Articular Cartilage (Surface) Injury
If the surface cartilage is torn, this is most significant as a major shock-absorbing function is compromised. Large pieces of articular cartilage can float in the knee (sometimes with bone attached) and this causes locking of the joint and can cause further deterioration due to the loose body floating around the knee causing further wear and tear. Most surface cartilage wear will ultimately lead to osteoarthritis. Mechanical symptoms of pain and swelling due to cartilage peeling off can be helped with arthroscopic surgery. The surgery smoothes the edges of the surface cartilage and removes loose bodies. Unstable cartilage can be removed. It is common for the surgeon to then perform micro fracture. This is where a small, sharp pick is used to perforate the underlying bone and encourage healing of the cartilage defect. This can result in a good outcome, but does not replace the defect with normal cartilage. Occasionally cartilage replacement is required. This can be achieved using various techniques. The most common way of treating smaller defects is by a method known as mosaicplasty (OATS). This is where small cylinders of bone and cartilage are harvested from a less important area of the knee and packed into the defect, creating a cobblestone-like repair, with true cartilage.
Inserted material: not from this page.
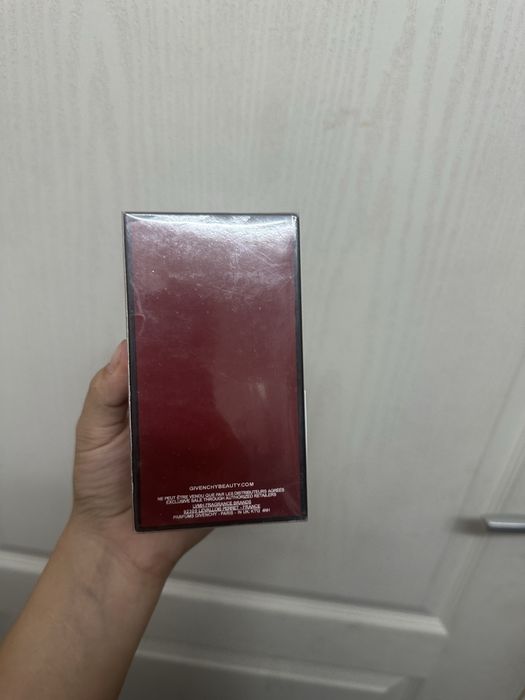 Givenchy eau de parfum rouge ultime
OATS procedure (osteoarticular transfer system) restores the chondral surface by transplanting multiple healthy cores of articular cartilage and bone from a healthy perimeter area of the knee into the damaged area. This is done if the lesion is 1cm- 2 cm in diameter. This is done with one operation using arthroscopy and a small incision. Down time is the shortest for this procedure with a month or 6 weeks on crutches and return to activities in 2-4 months. Pain relief is seen in 1-2 months.